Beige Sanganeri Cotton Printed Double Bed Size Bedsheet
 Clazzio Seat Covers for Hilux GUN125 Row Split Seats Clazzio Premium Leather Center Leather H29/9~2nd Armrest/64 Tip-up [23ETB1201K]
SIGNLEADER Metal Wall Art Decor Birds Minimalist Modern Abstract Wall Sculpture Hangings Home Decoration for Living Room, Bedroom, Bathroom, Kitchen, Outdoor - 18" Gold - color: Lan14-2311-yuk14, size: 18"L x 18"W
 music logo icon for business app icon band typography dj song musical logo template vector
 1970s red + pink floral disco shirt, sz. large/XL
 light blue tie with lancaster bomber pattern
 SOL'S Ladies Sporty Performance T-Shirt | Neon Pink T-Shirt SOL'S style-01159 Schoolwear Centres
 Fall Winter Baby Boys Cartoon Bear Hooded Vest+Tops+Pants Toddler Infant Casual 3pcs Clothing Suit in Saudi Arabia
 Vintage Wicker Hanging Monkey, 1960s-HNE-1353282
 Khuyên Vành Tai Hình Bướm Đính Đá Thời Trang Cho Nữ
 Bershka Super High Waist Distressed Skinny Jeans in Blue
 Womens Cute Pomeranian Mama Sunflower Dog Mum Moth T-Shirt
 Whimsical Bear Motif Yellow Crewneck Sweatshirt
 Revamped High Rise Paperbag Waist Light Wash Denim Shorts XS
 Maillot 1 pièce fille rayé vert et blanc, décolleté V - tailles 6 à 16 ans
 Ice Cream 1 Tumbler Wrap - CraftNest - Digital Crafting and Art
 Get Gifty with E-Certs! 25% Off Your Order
....
▶ [Task directions] Starting from the top of the records and ending at the line that contains "Clazzio Seat Covers", repeat each line exactly and return only those lines.

▶ [Reply]
Beige Sanganeri Cotton Printed Double Bed Size Bedsheet
 Clazzio Seat Covers for Hilux GUN125 Row Split Seats Clazzio Premium Leather Center Leather H29/9~2nd Armrest/64 Tip-up [23ETB1201K]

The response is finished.